Rate limit changes — parameters can only move X% per hour.
Fall-back model — if online model goes haywire, switch back to last stable batch.
Shadow mode — run new online learner in shadow; compare predictions before serving.

Most "AI gone wrong" incidents in news come from missing safety nets like these.

10. Non-stationarity

The real world drifts. Trends change, fashion changes, users grow up.

Handling:

Time-decay — weight recent examples more.
Sliding window — only train on last X days.
Concept drift detection — track residual; retrain when distribution shifts.
Cold start re-exploration — periodically re-explore "dead" arms; user preferences change.

11. A/B vs bandit

When you have 2 fixed options and want statistical significance → A/B test. When you have many options and want to maximise reward while learning → bandit.

A/B gives you a confidence interval on the difference. Bandit gives you the best option without bothering to prove which is which.

12. Reality check

A pragmatic online-learning stack:

Batch-trained baseline (LightGBM, neural ranker) — gold standard.
Contextual bandit (VW or Thompson Sampling) on top of baseline predictions — explore variants.
Always log propensities.
Off-policy eval with doubly-robust before any new policy ships.
Guardrails: whitelists, clipping, fallbacks.

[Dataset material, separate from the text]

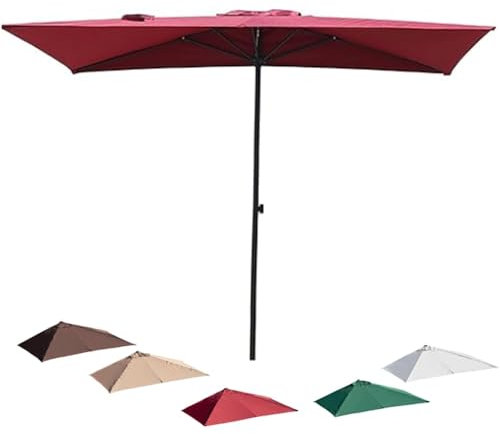 ZIUSFAC Demi Parasol De Balcon 200×100cm Hauteur Réglable Demi-Parasol Rectangulaire Parasol De Jardin pour Extérieur Bord De Piscine(Burgundy,200x100cm/6.5x3.3ft)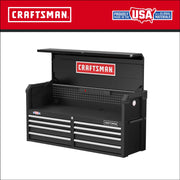 Photo of Craftsman black tool chest with open top, 8 drawers, SKU CMST98272BK, front angle on white background.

Bandits are not a replacement for ML; they are a smart exploration policy on top. Most teams misunderstand this and end up with a worse system than plain offline ML.

Reading material

Books:

Reinforcement Learning: An Introduction (2nd ed.) — Sutton & Barto (Ch. 2 on bandits is the canonical reference; the rest is the broader RL context bandits live inside)
Bandit Algorithms — Lattimore & Szepesvári (the rigorous modern textbook; free PDF online)
A Tutorial on Thompson Sampling — Russo, Van Roy, Kazerouni, Osband, Wen (the canonical TS tutorial; ~120 pages, freely available)
Designing Machine Learning Systems — Chip Huyen (the chapters on continual learning + monitoring + experimentation that wrap bandits in production)

Papers:

A Contextual-Bandit Approach to Personalized News Article Recommendation — Li et al. 2010 (LinUCB) — the Yahoo News paper that put contextual bandits on the map for industry.
An Empirical Evaluation of Thompson Sampling — Chapelle & Li 2011 — the paper that turned TS from theory curiosity to industry default.
Doubly Robust Policy Evaluation and Learning — Dudik, Langford, Li 2011 — the canonical IPS + DR counterfactual estimator paper.
Counterfactual Reasoning and Learning Systems — Bottou et al. 2013 — the Microsoft Bing paper that defined how to ship policies offline-evaluated on logs.
Practical Lessons from Predicting Clicks on Ads at Facebook — He et al. 2014 — the canonical online-learning paper from a production ranking system.

Official docs:

Vowpal Wabbit — wiki — the canonical online-learning / contextual-bandit library.
Vowpal Wabbit — Contextual bandits tutorial — the in-docs walkthrough.
Microsoft Personalizer (Decision Service) docs — the managed contextual-bandit service from MSR.
scikit-learn — Online (partial_fit) estimators — list of which sklearn models can learn incrementally.
River — online ML in Python — the canonical streaming-ML library.
TensorFlow TFX — Continuous training — the production pipeline TFX uses for continuous model refresh.

Blog posts:

Eugene Yan — Bandits for personalization — the practitioner introduction.
Stitch Fix — Multi-Armed Bandits and the Stitch Fix Experimentation Platform — a real production bandit at a recsys company.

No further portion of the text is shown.